Technology in the Office
Technology has grown and gone further that anyone could have ever imagined. It seems so long ago – for some people at least – that the Internet wasn't even a part of society; where Facebook and Twitter weren't even thoughts in the heads of their creators; when having a computer, even a cell phone meant you were pretty big in business.
Technology has changed many of the things that we use on a daily basis; that the traditional workplace for instance. In times before or even during the rise of computers and technology, employees would get up and head out to an office to do their daily jobs for however many hours that they were contracted for. This was even true for those who were self-employed and owned a business. Now, however, the potential of the workplace doesn't even take place at the office anymore.
Now employees can work from home, the library, or the coffee shop down the street; employees don't even need to be in the same city or country that their employer resides in.

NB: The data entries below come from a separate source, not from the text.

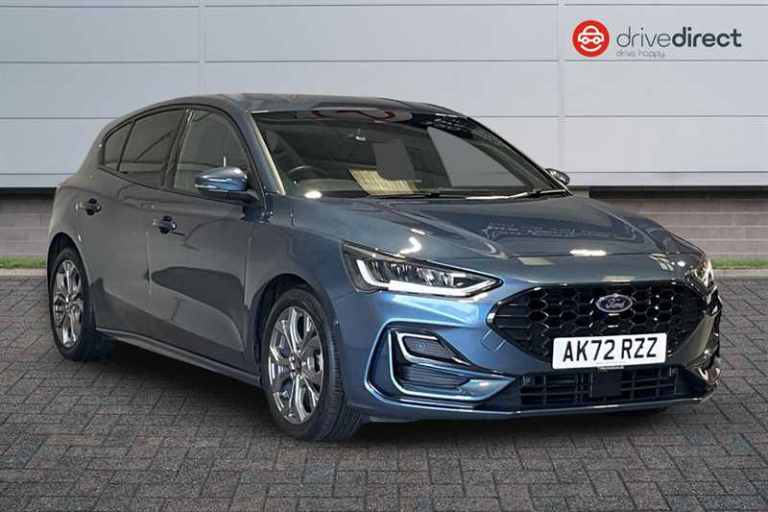  Ford Focus 1.0T EcoBoost ST-Line Hatchback 5dr Petrol Manual Euro 6 (s/s) (125 ps) Hatchback Pet...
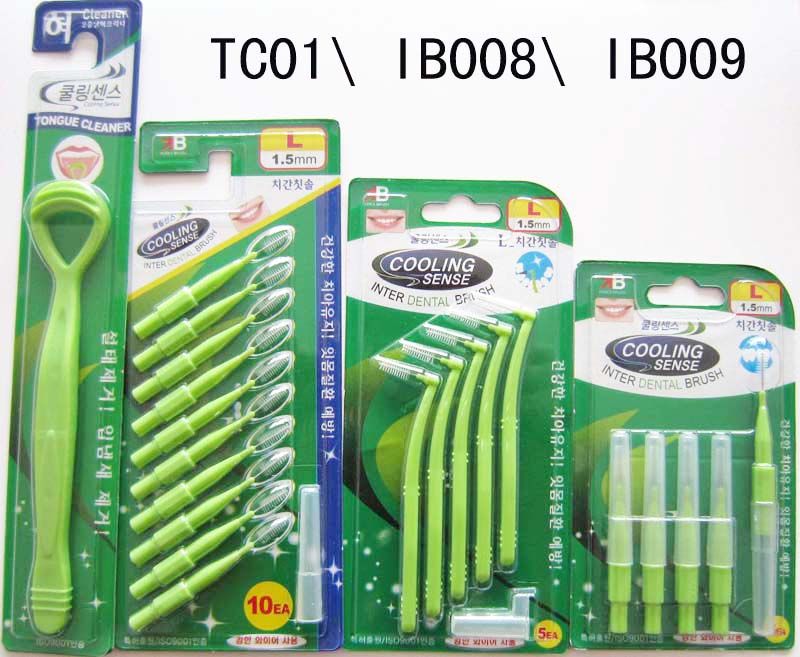 interdental brush tooth hygiene toothpick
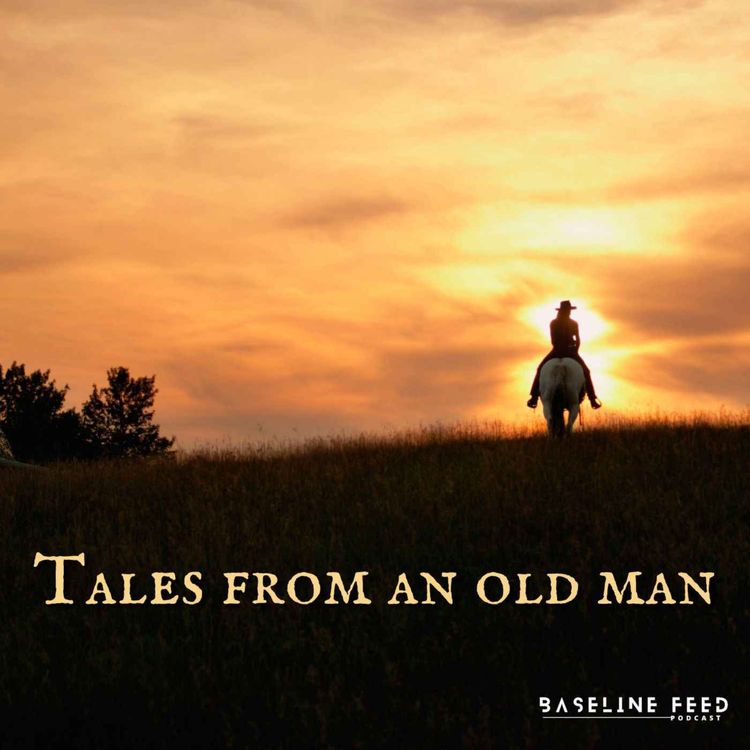 cover art for Tales From an Old Man - The Shooting of Dan McGrew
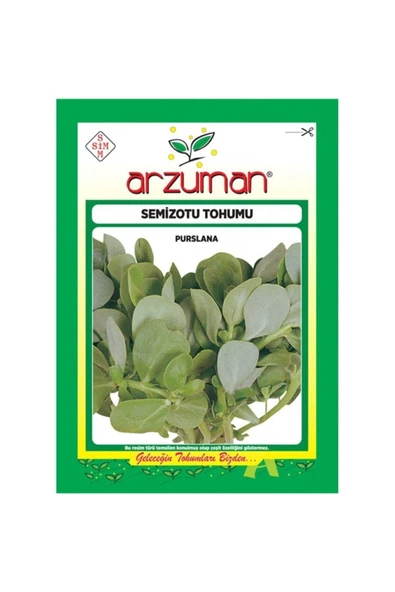 Geniş Yapraklı Semizotu Tohumu-10 Gram ürün görseli 1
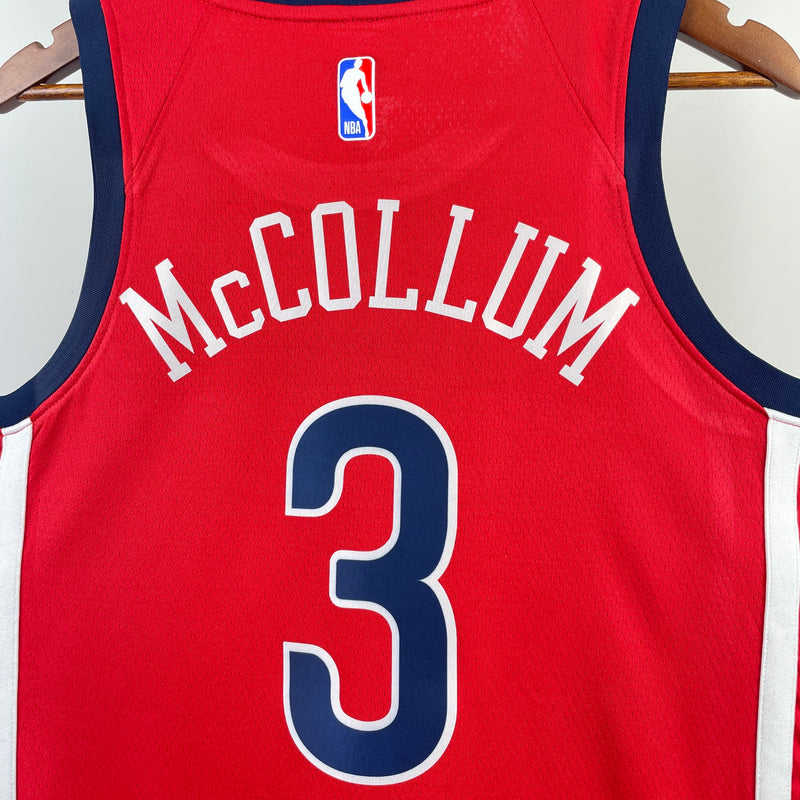 MCCOLLUM - NEW ORLEANS PELICANS 2024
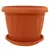 Flower Pot with a stand TERRA 36x27 (terracotta)
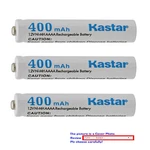 Kastar Ni-mh Aaaa Battery 1.2V 400MAH For Alarm Clocks, Universal Remotes, Toys New. Price: $5.49.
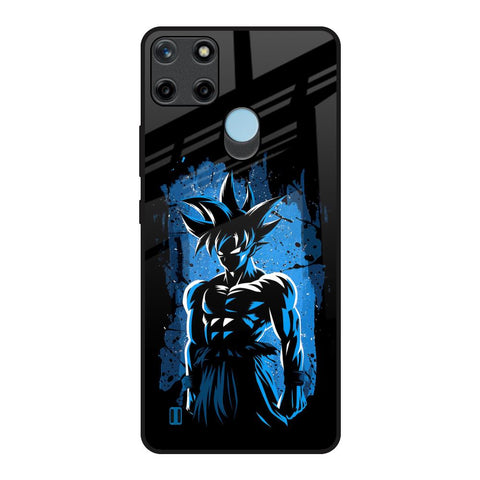 Splatter Instinct Glossy Case for Realme C21Y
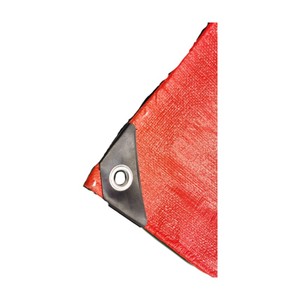 Bâche en PE imperméable tissée enduite, économique, pour tentes, couleurs bleu, orange, argent, noir, blanc, vert - Product Image 6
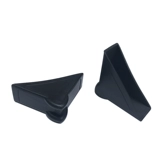 Пластиковые накладки на углы, стеклянная упаковка, пакет, мебель, защита от столкновений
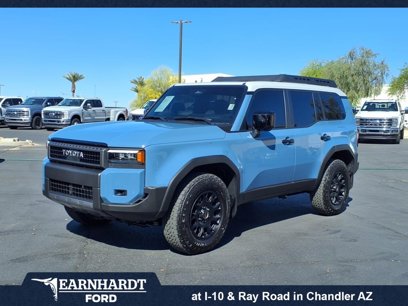 Used 2025 Toyota Land Cruiser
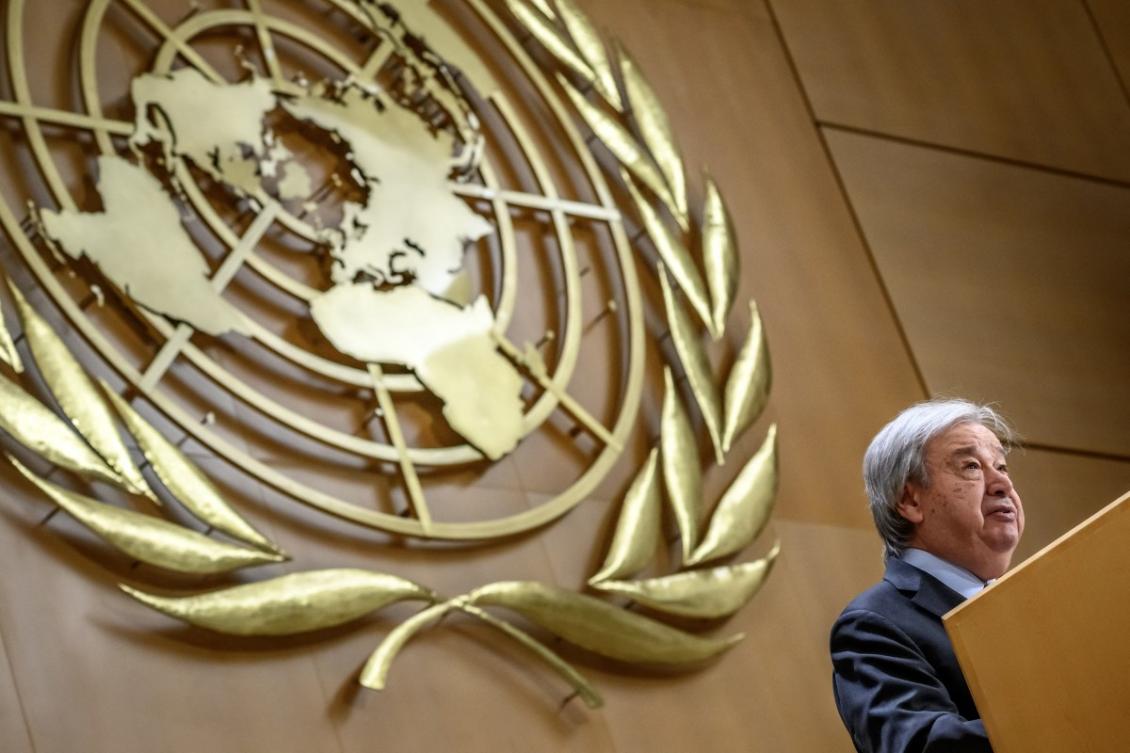 UN’s Guterres expresses alarm over escalation in Middle East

For many self-employed and freelance workers, the importance of keeping track of clients and perspective clients up to date is something that needs a strong consideration. As home office employees, there can be a ton of paperwork that needs to be filed and kept – insurance claims, ownership papers, client rosters – that the office might find itself overflowing with papers. Paperless offices are of course good for the environment and your office, but how do you go about getting paperwork out of your hair? Which papers should be digitized? Should you destroy all the papers?
Document scanning or document imaging is where the paper world meets the digital world. This technology allows for the scanning of paper documents into the digital forms of jpegs, gifs, TIFFs, MDIs, and OCRs; this in turn allows you to keep all of your written paper documents on your computer's hard drive, computer network, or even a CD or DVD backup disc.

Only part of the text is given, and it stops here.